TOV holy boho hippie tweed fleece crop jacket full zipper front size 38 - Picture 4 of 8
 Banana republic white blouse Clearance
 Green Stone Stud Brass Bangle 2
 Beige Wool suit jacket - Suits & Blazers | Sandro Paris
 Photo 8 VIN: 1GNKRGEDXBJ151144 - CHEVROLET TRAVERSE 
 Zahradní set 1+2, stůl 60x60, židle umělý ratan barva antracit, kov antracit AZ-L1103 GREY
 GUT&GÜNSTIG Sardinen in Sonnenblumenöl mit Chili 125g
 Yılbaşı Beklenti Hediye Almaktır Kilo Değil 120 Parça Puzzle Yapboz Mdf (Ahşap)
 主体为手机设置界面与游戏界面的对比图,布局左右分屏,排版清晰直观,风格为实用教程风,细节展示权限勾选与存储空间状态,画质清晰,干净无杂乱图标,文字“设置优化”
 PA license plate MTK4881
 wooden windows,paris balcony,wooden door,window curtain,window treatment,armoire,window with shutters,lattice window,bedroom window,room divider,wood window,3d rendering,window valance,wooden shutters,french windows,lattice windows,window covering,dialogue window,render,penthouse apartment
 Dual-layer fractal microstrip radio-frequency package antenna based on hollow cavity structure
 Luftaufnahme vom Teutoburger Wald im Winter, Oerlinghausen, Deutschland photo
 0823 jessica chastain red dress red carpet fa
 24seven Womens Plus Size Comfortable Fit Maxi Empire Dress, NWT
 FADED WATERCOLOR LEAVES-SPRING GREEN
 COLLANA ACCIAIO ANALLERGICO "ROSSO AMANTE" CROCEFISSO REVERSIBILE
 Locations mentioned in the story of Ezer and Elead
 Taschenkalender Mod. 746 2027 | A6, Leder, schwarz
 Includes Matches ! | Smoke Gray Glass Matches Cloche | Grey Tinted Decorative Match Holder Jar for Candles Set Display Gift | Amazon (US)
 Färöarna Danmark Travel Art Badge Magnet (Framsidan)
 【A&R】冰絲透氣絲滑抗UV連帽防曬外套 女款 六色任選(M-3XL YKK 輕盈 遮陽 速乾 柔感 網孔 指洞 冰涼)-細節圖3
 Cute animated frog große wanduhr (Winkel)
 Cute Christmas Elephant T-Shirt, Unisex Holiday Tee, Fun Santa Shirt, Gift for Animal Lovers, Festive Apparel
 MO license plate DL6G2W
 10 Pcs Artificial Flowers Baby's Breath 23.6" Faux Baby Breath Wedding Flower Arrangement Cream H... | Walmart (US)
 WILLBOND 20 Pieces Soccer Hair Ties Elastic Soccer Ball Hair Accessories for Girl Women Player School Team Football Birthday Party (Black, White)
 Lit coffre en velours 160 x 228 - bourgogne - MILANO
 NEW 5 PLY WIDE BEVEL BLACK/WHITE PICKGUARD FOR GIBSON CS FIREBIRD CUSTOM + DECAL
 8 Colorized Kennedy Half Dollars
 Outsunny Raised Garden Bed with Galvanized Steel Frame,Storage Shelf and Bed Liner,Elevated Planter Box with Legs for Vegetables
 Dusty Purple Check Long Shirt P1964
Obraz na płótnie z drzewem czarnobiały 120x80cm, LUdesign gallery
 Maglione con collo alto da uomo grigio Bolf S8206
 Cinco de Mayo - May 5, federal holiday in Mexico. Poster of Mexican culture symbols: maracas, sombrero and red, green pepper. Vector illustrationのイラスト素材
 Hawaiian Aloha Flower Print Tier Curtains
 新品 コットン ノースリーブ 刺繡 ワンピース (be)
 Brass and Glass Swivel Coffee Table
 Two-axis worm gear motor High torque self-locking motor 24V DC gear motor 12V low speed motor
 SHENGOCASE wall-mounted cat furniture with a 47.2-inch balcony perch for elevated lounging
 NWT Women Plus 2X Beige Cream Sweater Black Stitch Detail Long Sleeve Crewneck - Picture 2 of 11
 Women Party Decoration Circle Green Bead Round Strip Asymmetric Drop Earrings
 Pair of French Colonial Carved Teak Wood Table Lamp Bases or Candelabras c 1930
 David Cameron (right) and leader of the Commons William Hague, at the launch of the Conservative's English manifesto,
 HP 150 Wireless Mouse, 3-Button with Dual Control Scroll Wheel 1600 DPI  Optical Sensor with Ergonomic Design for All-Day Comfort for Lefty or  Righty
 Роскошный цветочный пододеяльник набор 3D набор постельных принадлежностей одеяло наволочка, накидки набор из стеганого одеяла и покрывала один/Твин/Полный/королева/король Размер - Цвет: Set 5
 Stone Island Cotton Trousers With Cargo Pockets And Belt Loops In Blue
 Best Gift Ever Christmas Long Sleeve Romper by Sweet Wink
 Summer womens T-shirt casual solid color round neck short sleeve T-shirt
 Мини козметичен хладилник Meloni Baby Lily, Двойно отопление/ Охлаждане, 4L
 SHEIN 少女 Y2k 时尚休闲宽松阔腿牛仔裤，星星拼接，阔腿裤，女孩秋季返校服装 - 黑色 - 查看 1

WHAT IS BEING ASKED ▸ Across the whole listing above, find every line with the string "Beige" and copy it.

THE COMPLETED TASK ▸
 Beige Wool suit jacket - Suits & Blazers | Sandro Paris
 NWT Women Plus 2X Beige Cream Sweater Black Stitch Detail Long Sleeve Crewneck - Picture 2 of 11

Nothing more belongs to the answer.